Can we Predict the Future?

It’s crazy to think that anyone can predict the future, but plenty of people are paid good money to try: Economists, Weather Forecasters, Fortune tellers, Treasury, Technology companies, etc.

Even though no one can predict the road ahead, it’s absolutely vital that we pay attention to what lies ahead of us. If we look at the future from a personal perspective, we think about our own health and maybe the family history that has gone before us.  We also need to think about our financial future too, as the money we accumulate is going to determine the quality of life and standard of living we enjoy.  If we think it back to our health, it’s also going to pay for the level of health care we receive in later life……

When one looks at investing, the predictability of the investment is extremely important.  The only problem is the level of predictably also usually impacts on the returns, because if you have a predictable return then risk level is traditionally low.  If you have an unpredictable investment the risks are usually very high, so the returns on the investment would need to match or exceed the risk, otherwise you wouldn’t get investors investing.

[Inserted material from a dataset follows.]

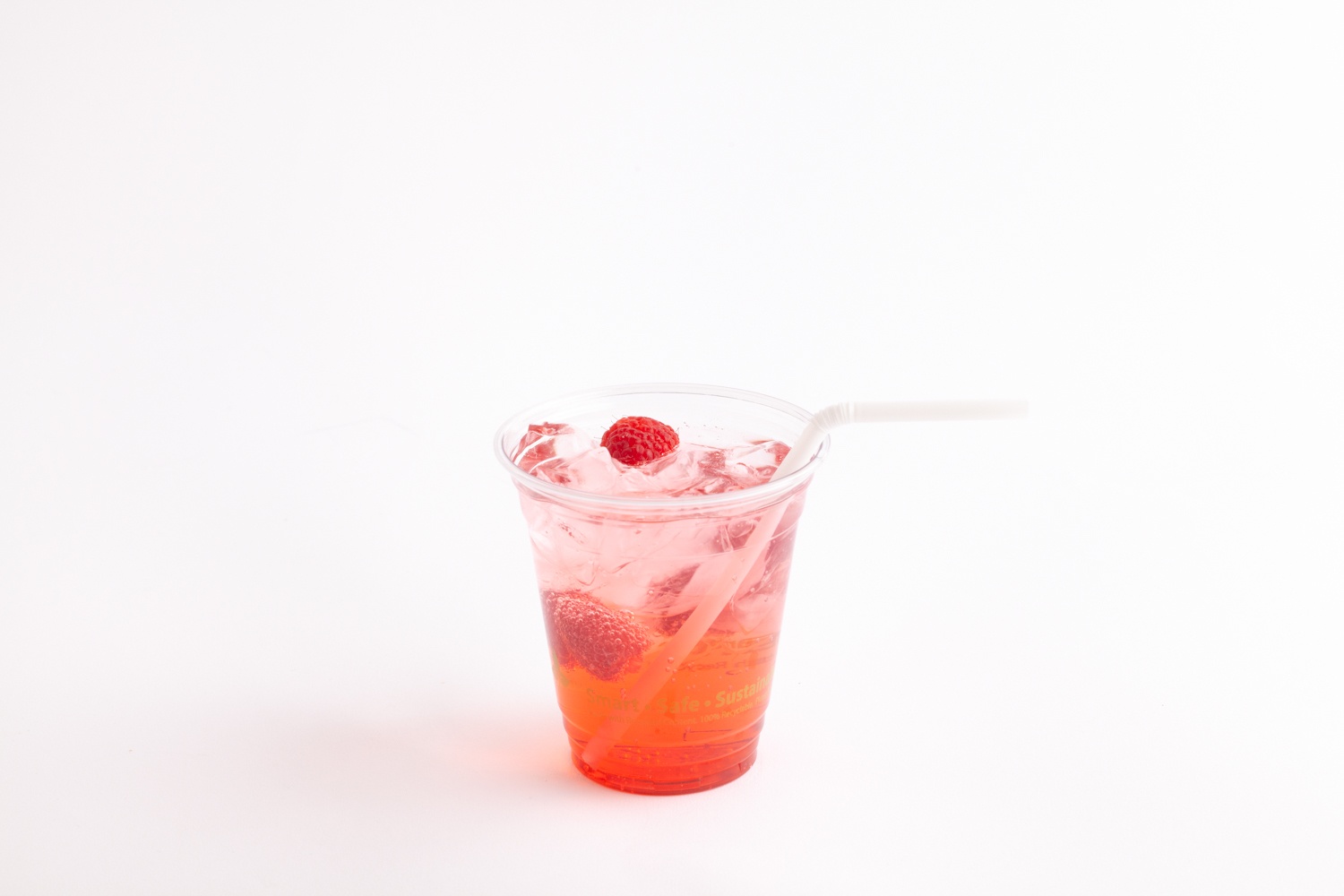 red fizzy drink in clear cup with flex straw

When it comes to direct residential property investment, history is usually an extremely reliable measure for predicting the future performance, with the exception of one major variable—economic performance of the location/city/town.

Let me share an example: During the gold rush, many towns such as Ballarat and even you could argue a city (Melbourne), were born out of an economy driven by gold. When the gold dried up, the economic impact to the towns (some now don’t even exist) to the city were severe, having huge impacts on land and housing values. Fast forward to today, where Melbourne has become the second largest city in Australia and its overall economy is a mix of multiple industries and services, it’s no longer a one industry town.

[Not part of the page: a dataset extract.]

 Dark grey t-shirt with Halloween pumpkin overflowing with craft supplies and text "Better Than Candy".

So it’s fairly easy to argue that the long term trend in values since the Second World War and then recently in the 70’s & 80’s, when women started to join the workforce, creating greater household income and discretionary spending, that this historical value trend should continue, so long as Melbourne maintains a robust and diverse economy.

Sure we are going to see ups and downs along the way but the long term trend data is relatively predictable. In Melbourne’s case, the long term capital growth rate is around 8.3% since 1974, when the Valuer General stated to collate this data. And here’s the magic of a predictable asset like property, the risk is relatively low, but when you leverage (borrow to control a greater valued asset) you magnify the returns.

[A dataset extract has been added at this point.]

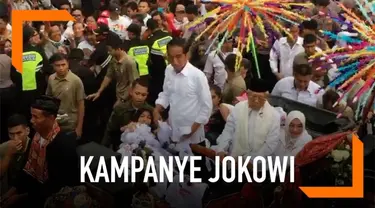 Capres Cawapres Jokowi-Ma'ruf diarak kereta kencana saat berkampanye di Tangerang, Banten. Keduanya berkampanye di Tangerang untuk menaikkan suara di Banten.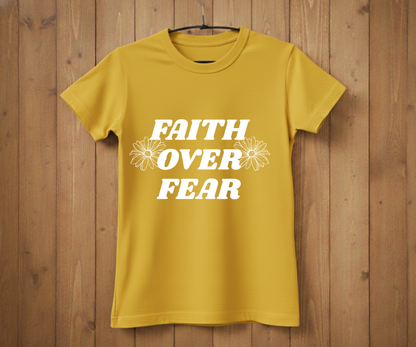 Yellow t-shirt with 'Faith Over Fear' text on a wooden background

Let’s use an example: Say we had $50,000 in equity or savings, this amount could be leveraged to secure a $500,000 asset.  If the asset performs to its predictable return, then in 10 years that asset will be worth $1,109,825.  That’s an amazing return on your $50,000 isn’t it!

I need to remind you, that loan interest, stamp duty, maintenance costs etc, are going to have to come out of this gain, but still one relatively ‘predictable’ property investment will make a sustainable impact on your future wealth, if executed and managed correctly.

And it’s this sort of predictability that wins over my mind as a superior investment class for me and my clients.